# Chips vs. Cubes



## MedPretzel (Jul 24, 2005)

What's the difference between oak chips and oak cubes?





Thanks!





Martina


----------



## kaizen (Jul 24, 2005)

exactly what it sounds like. chips are like slivers and or chips
(like playground bark) and the cubes are cubes. There was
an article in Wine Maker mag. Feb-March 2004 called Barrels and
oake alternatives.


----------



## MedPretzel (Jul 24, 2005)

well, I'm just wondering what the difference is in the wine, not what they look like. Does one or the other have more surface area? Does one prefer one over the other? Are there differences in using them/when you use them?





Those are the differences I was looking for. Sorry if I wasn't explicit enough.





I don't get WineMaker Mag. 





Martina


----------



## Joseph1 (Jul 24, 2005)

Because of their smaller size, an ounce of chips will have more surface area than an ounce of cubes. The extraction of oak from the chips occurs in a few days. For cubes the extraction takes a few months. Generally the chips are used during primary fermentation to simulate fermentation inoak and cubes during bulk aging to simulate barrel aging.


----------



## MedPretzel (Jul 24, 2005)

You da man, Joseph! That's exactly what I was looking for. 

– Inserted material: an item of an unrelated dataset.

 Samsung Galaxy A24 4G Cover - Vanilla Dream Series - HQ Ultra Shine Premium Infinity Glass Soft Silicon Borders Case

Now, what are the pros, cons of oak used in fermentation and ones used in bulk aging?




(one answer generates like 3000 more questions!)


----------



## Joseph1 (Jul 24, 2005)

I believe oak added during primary would more quickly integrate with the wine resulting in a smoother and less pronounced oak taste. This is why kit manufacturers add the oak chips at primary. Aging on the cubes will give a more pronounced oak taste and require bottle aging to integrate and smoothen. Aging on the cubes will also add to the body and mouth-feel of the wine. All of the pros and cons of doing it one way or the other will ultimately depend onwhattastes best to you.


----------



## MedPretzel (Jul 24, 2005)

Again, thank you very much, Joseph! You have cleared up a lot of questions I had about oaking. I will do some of my own taste-testing, and see which I prefer. Thanks so much for your help.


----------



## kaizen (Jul 24, 2005)

Do you want me to copy the article and email it to you?


----------



## MedPretzel (Jul 25, 2005)

That's okay, but thank you. I think I've got all I need from this forum. 





Very kind of you, though!


----------



## kaizen (Jul 25, 2005)

No problem.


----------



## MedPretzel (Oct 26, 2005)

New question, and I just thought I'd tack it on to my previous question about oaking.





I have a concord wine, which I am thinking about oaking (while it's bulk ageing) with oak chips. They are light-roasted oak chips from LD Carlson.


My questions are:


1) Do you think that oaking Concord wine is a good idea?


2.) I have the oak chips soaking (on the package it said to soak them for 12 hours before use) right now. Do I add the water that I have them soaking in to the wine as well, or just the chips? (I have 2 handfuls in about 2 cups of water)


3.) I understand that oaking when bulk ageing takes longer for the oak to impart their flavor on the wine (thanks Joeseph!). What time-frame are we talking about? A year? 6 months? 1 month? 





Thanks everyone!





Martina


----------



## Dean (Oct 26, 2005)

I asked this same question of the gurus at the RJS retail store near my house. They told me that 2-3 weeks with chips in the carboy during bulk aging should be enough due to the increased surface area of the chips. They told me to taste after 14 days, and if not oaky enough, leave for another week and taste again. 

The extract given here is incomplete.